Boyce, who was injured in a bombing in his native Belfast in 1971, said he had zero tolerance for sectarian sentiment or "glorifying" the actions of paramilitary groups in Northern Ireland.

"I've known John a very long time. We've been away together on many occasions," Boyce told RTÉ today. 

"We've shared dinners together, we've shared many a good evening together. I'm sure today he regrets very much what he did. 

"I was injured in a very bad bomb explosion on my second wedding anniversary.  

"I have always consistently condemned any form of bigotry or sectarianism. It [the bombing] didn't change me as a person because I have no time for it.

"No matter what side it comes from, I would say the same if this had come from the loyalist side, I have no time [for] glorifying people [republican/loyalist paramilitaries] who murdered many innocent people."

Boyce said yesterday that Delaney had been guilty of stupidity, and he stood by that description today, although he accepted that "everybody makes mistakes".

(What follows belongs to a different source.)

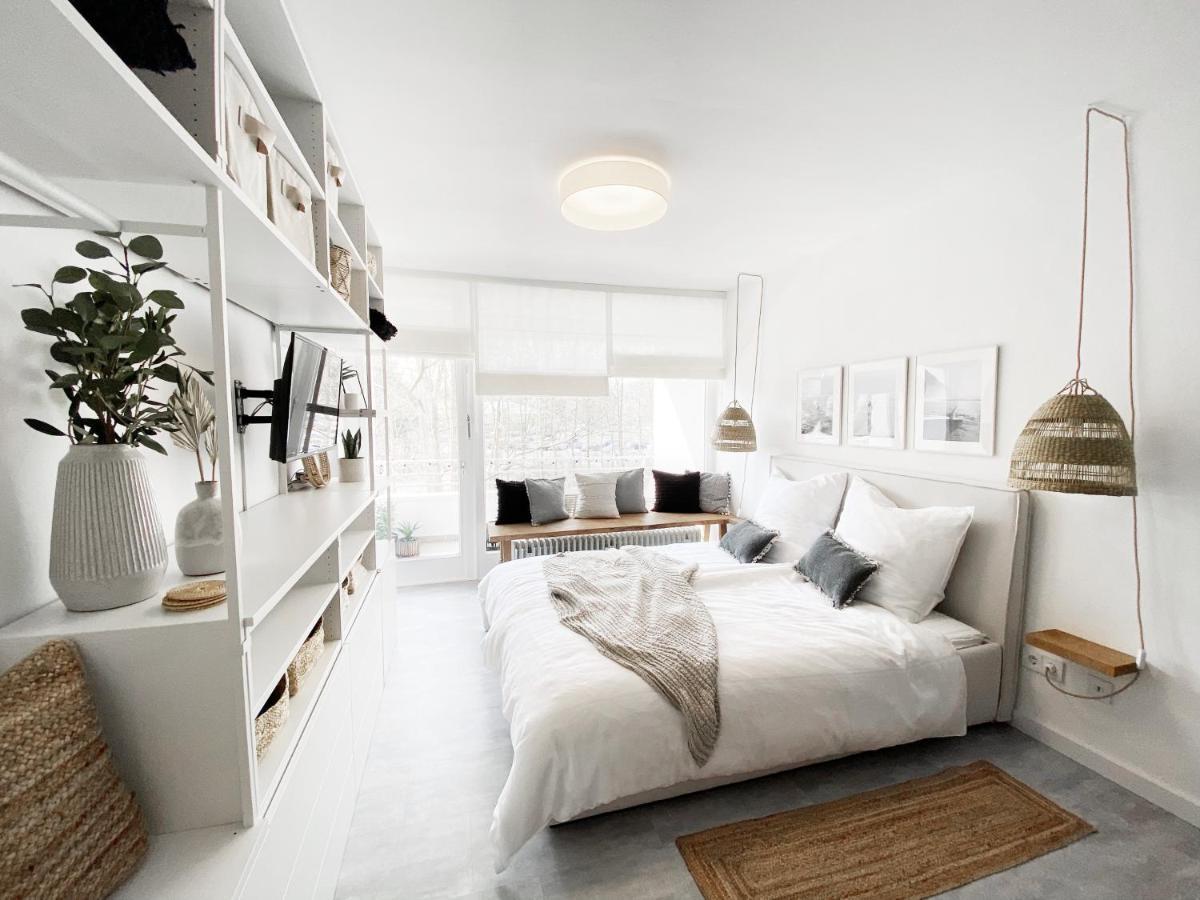 Seaside Rooms - Zentrales Design-Apartment Mit Balkon & Parkplatz - 2 Minuten Zum Strand Timmendorfer Strand Exterior photo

"We all make mistakes. I think John has made a big mistake in this particular instance" - Jim Boyce

"I'm sure John himself, when he's sitting and reflecting on it today... I know he's already apologised, and I'm glad to hear that he's done that.

"John is in a very responsible position. I know he's very highly thought of, he's chief executive of the Football Association of Ireland, and I think when people are in those positions they have to be careful what they do, especially in public.

"We all make mistakes. I think John has made a big mistake in this particular instance.

"He has apologised, and I think that apology should be accepted, but he has to reflect on, what I thought [was] 'stupidity' and that was the word I used. I certainly wouldn't have done it.

"I have no problem whatsoever with people singing Irish songs, I just do not agree with people singing songs glorifying murderers.

"Should it have come on the loyalist side of the community I would condemn that equally."